- Developer(s): Tom Snyder
- Publisher(s): Tom Snyder
- Platform(s): Microcomputer
- Release: 1978
- Genre(s): Edutainment
- Mode(s): Single-player

= Personk =

1978 video game

Personk is a 1978 video game, and the debut work of Tom Snyder, who would later release many educational series under Tom Snyder Productions.

==Development==
Snyder is an educator and video game developer. Snyder, who had a master's degree in teaching, attained a teaching job in the 1970s and eventually began thinking about teaching aids.

In 1978, Snyder had a meeting arranged with the head of game acquisitions at Parker Bros. He hoped to present a wood-wire-string contraption named Personk, that was a simplified model of a computer. Despite having planned the meeting for months, constantly redesigning the game and putting considerable time and money into the project, he went to the meeting on the wrong date and lost the opportunity.

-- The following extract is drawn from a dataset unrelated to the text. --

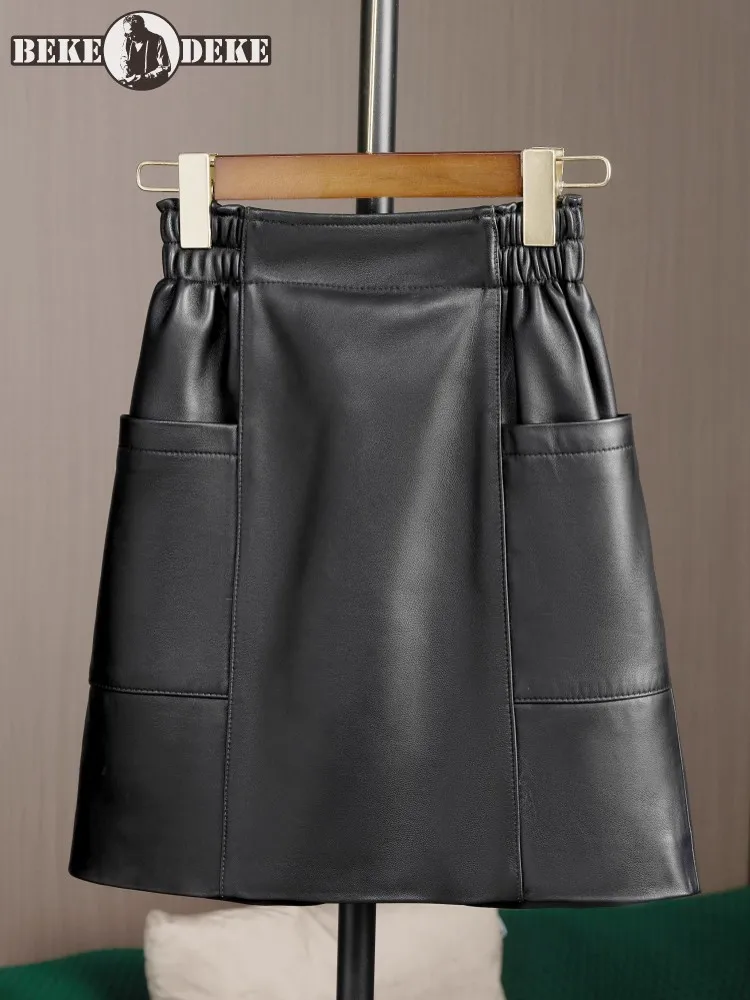 

Genuine Leather Skirt Women High Waist Pockets A Line Casual Short Mini Skirts Korean Style OL Slim Fit Real Sheepskin Skirt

This event gave Snyder a creative burst of energy; within the week he had purchased a microcomputer, taught himself to program, and transformed the three-dimensional Personk into a piece of software for children with the assistance of a Radio Shack Model 1.

==Legacy==
His first innovation, the game turned into an experiment that foreshadowed the rest of his career. Snyder would immediately follow the game with a series of educational titles collectively referred to as The Search Series.